RECORD EXCERPTS:
--- START ---

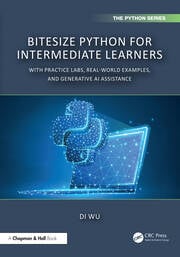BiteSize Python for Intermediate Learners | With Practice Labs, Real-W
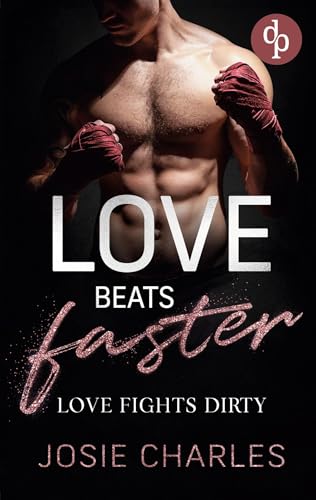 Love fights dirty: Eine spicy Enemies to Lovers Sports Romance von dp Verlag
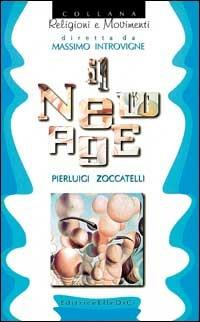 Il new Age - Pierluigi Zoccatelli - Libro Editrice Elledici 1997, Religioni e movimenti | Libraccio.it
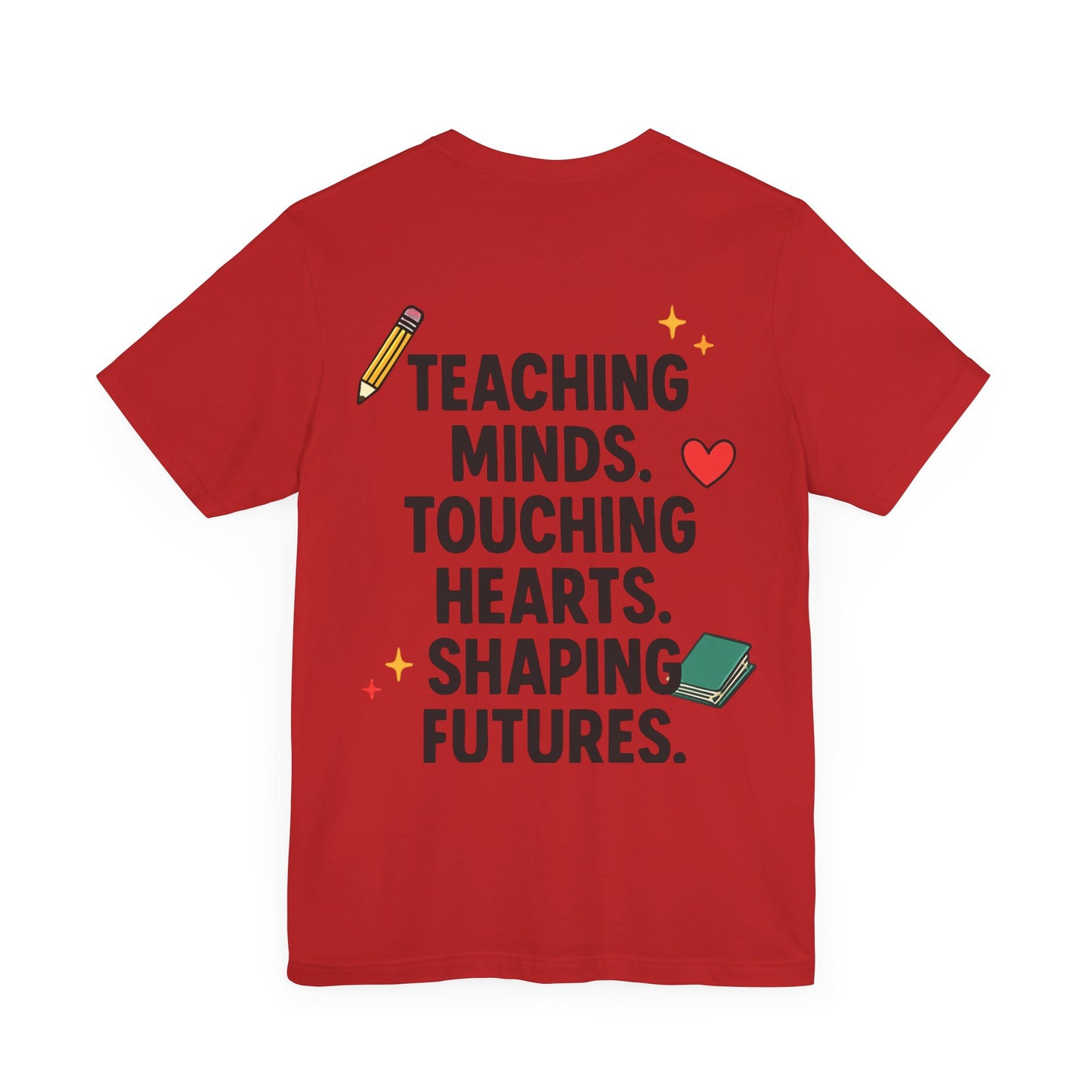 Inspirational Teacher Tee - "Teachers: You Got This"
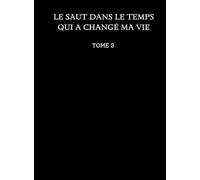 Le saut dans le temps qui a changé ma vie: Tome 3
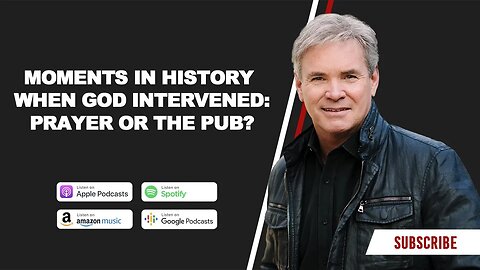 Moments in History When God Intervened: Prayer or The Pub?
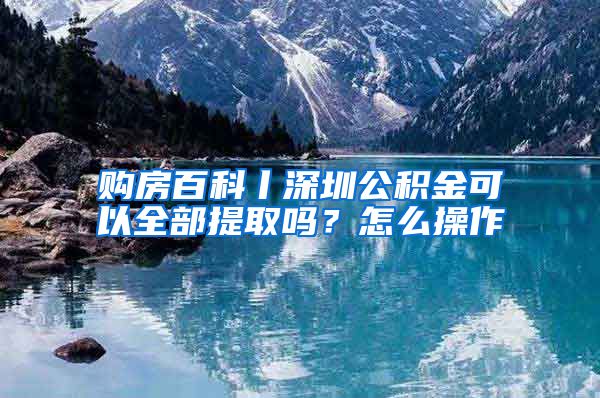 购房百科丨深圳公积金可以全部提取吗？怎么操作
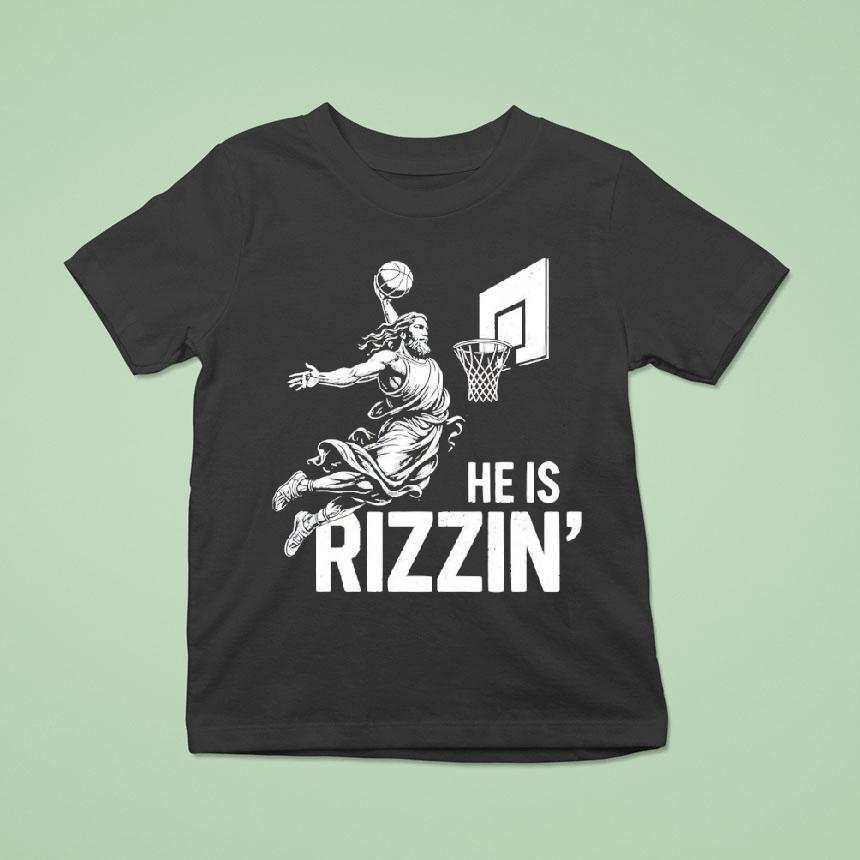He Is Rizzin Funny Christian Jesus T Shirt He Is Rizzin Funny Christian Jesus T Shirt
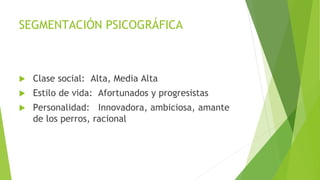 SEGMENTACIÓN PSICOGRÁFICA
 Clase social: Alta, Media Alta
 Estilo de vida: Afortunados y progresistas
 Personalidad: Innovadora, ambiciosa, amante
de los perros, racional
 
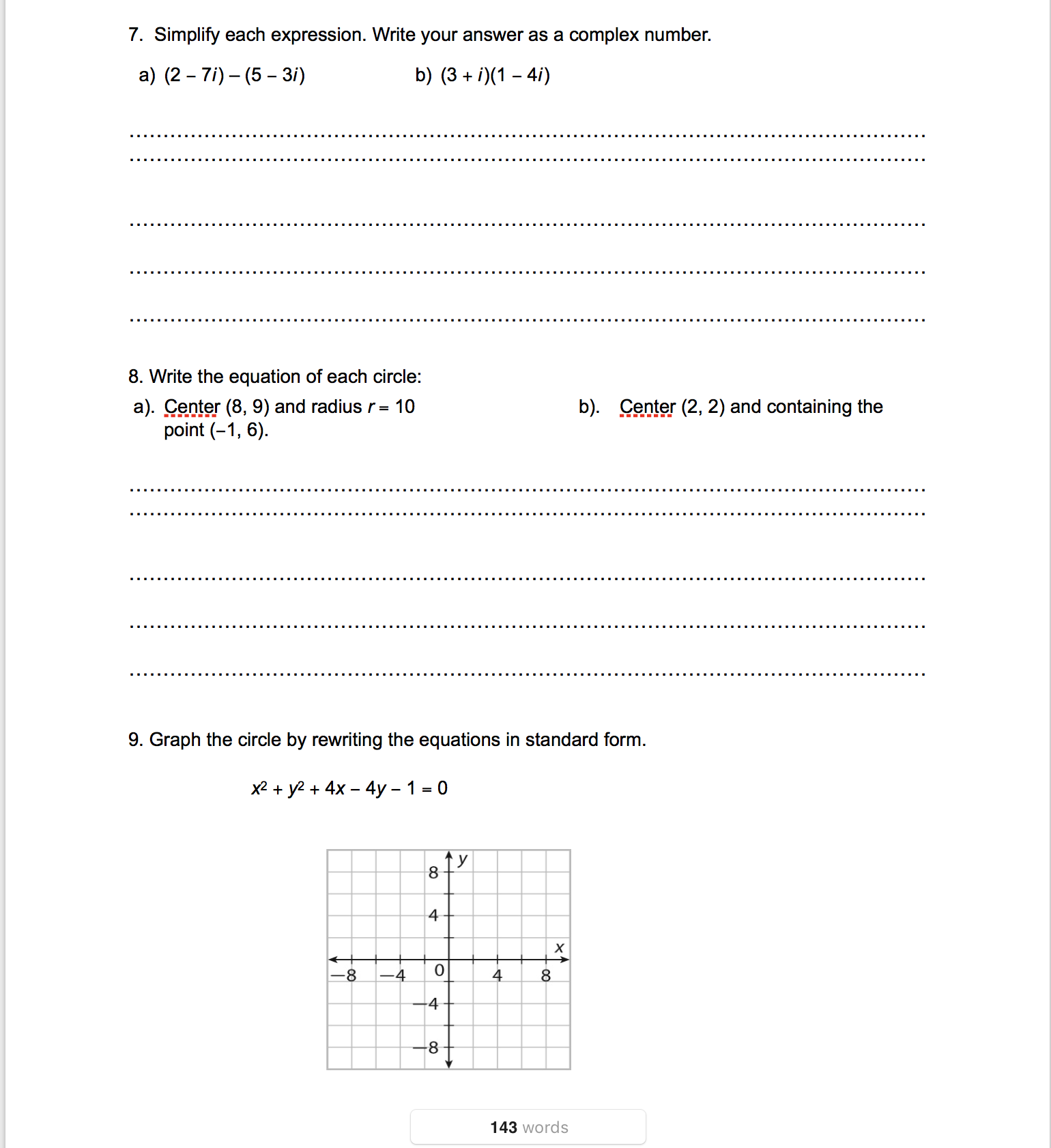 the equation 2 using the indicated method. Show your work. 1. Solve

--- END ---

TO DO: Give again, word for word, the line that contains "He Is Rizzin Funny Christian Jesus T Shirt He" and every line after it through the end of the entries; omit the pictures.

RESULT FOR THIS TASK:
He Is Rizzin Funny Christian Jesus T Shirt He Is Rizzin Funny Christian Jesus T Shirt
 SEGMENTACIÓN PSICOGRÁFICA
 Clase social: Alta, Media Alta
 Estilo de vida: Afortunados y progresistas
 Personalidad: Innovadora, ambiciosa, amante
de los perros, racional
 
 the equation 2 using the indicated method. Show your work. 1. Solve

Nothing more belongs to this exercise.